A Horror Newbie Watches 'Night Of The Living Dead' For The First Time

(Welcome to The Final Girl, a regular feature from someone who has steered clear of horror and is ready to finally embrace the genre that goes bump in the night. Next on the list: George Romero's zombie classic Night of the Living Dead.)

This may come as a shock, but I kind of love zombie movies. I know this whole series is based on the fact that I wouldn't touch a horror movie with a 30-inch pole, but I would gladly double-tap on any zombie movie.

There's something about how zombie movies magnify emotions and present a warped reflection of the human condition — all beneath the pretense of blood and guts, of course — that draws me in.
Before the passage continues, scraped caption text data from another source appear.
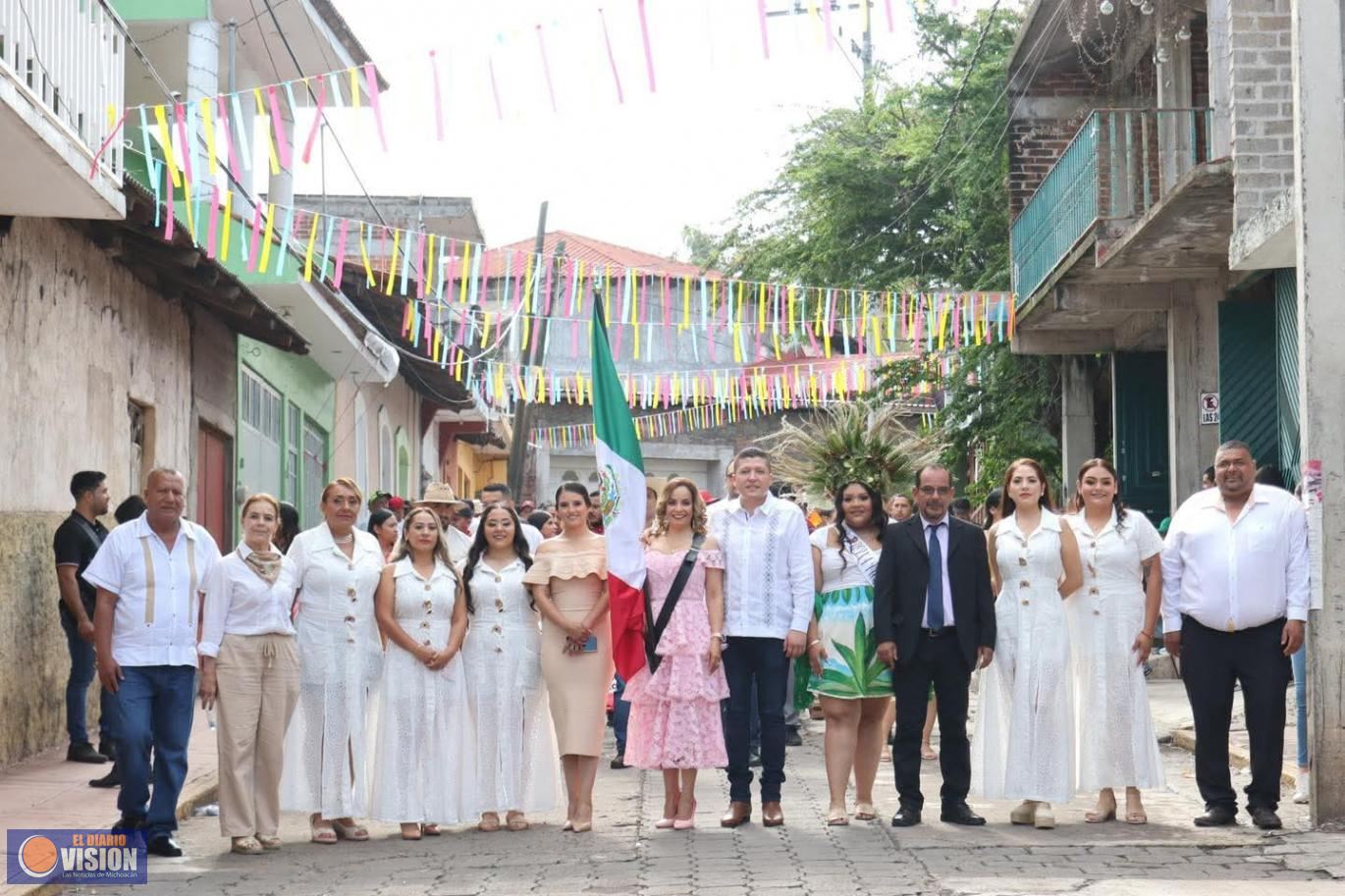 Conmemora Turicato, 93 años de su elevación a municipio 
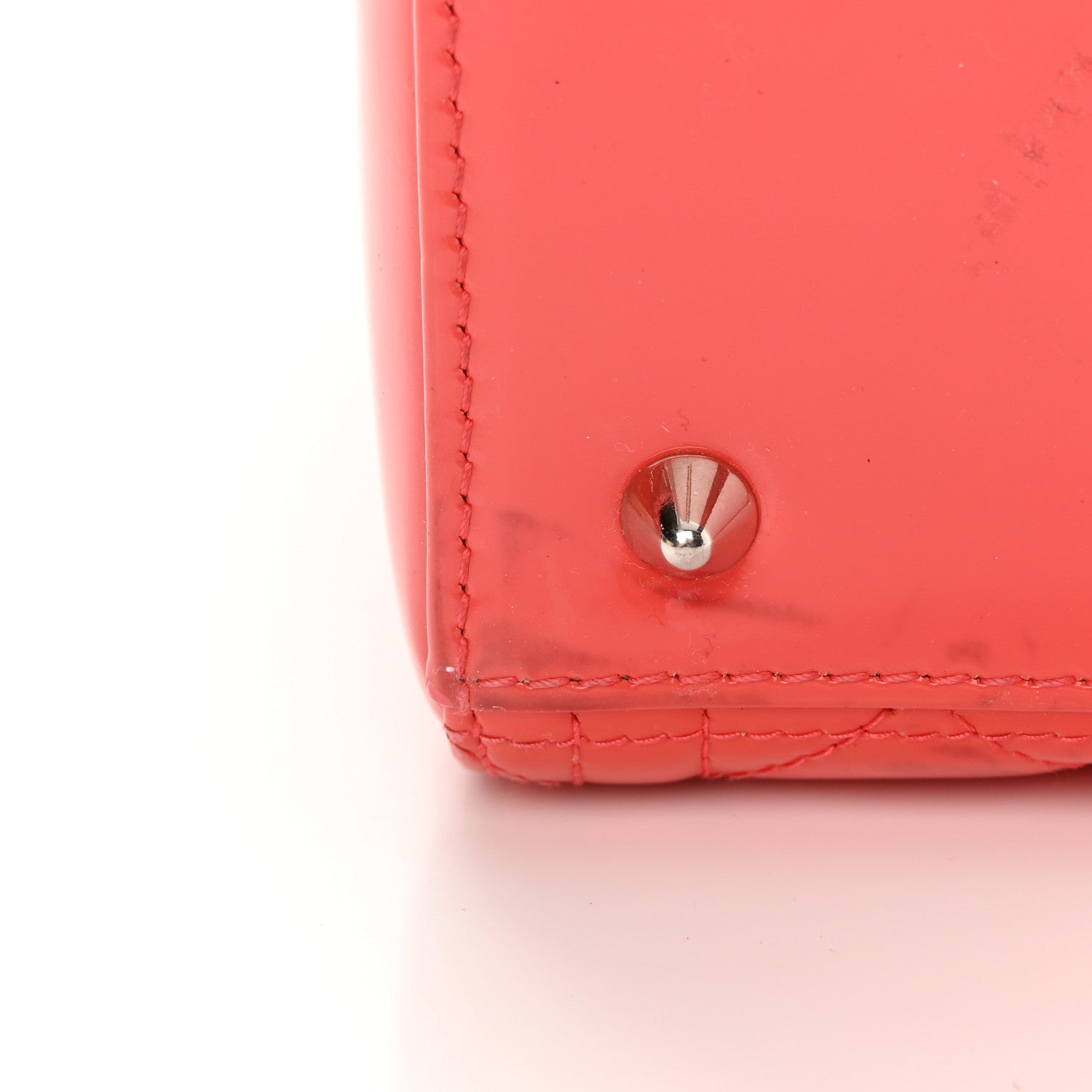 Christian Dior Patent Cannage Medium Lady Dior Fuchsia 13 of 18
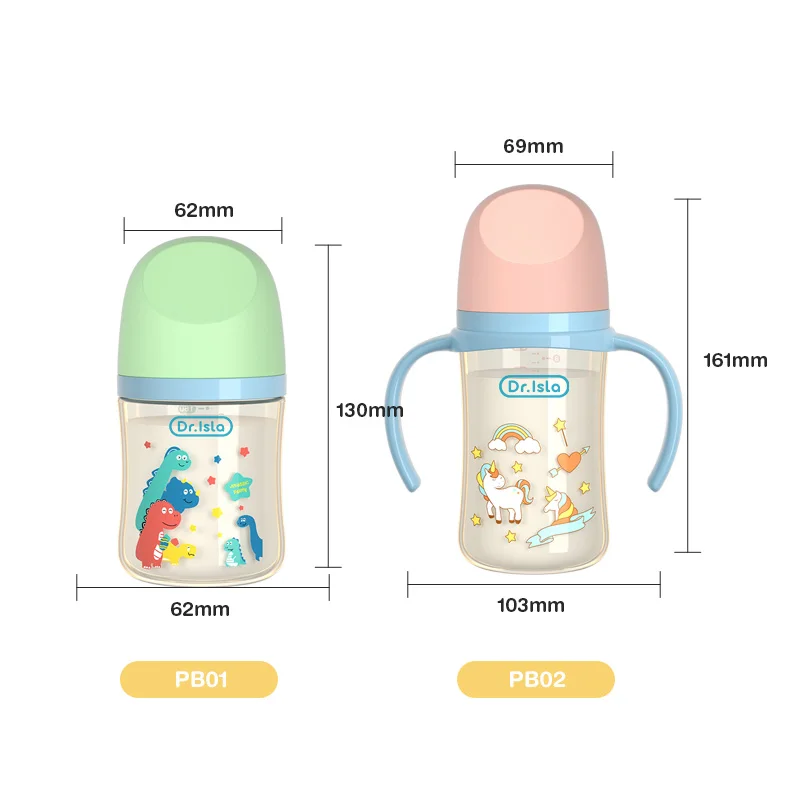 MAMIJOY 160/240ML PPSU Baby Bottle Handle Infant Drop-proof Baby Wide-caliber Milk Bottle Newborn Feeding Bottle BPAFree PB01&02 - Image 6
It's a simple B-movie premise, but zombies speak to larger ideas that I find utterly fascinating.

I can trace back my interest to its lame, nerdy beginnings. It began, as all passions do, with a college seminar. I had attended a seminar by one of my film studies professors, who introduced the theory that movie zombies were a manifestation of the deeper societal fears that plagued America at specific moments in time. It's by no means an original idea, but it blew my mind open. And it opened me up to the slow, reluctant acceptance of horror movies.

So it's time to go back to where it all began. It's time to finally explore George Romero's Night of the Living Dead.

(To preface this dive into my first time experiencing Night of the Living Dead, I have to admit that I'd already seen and fallen in love with George Romero's second Dead film, Dawn of the Dead. His treatise on the follies of capitalism shook me to my core, and cemented my deep, abiding respect for zombie movies. But I knew I had to go back to the beginning with Night.)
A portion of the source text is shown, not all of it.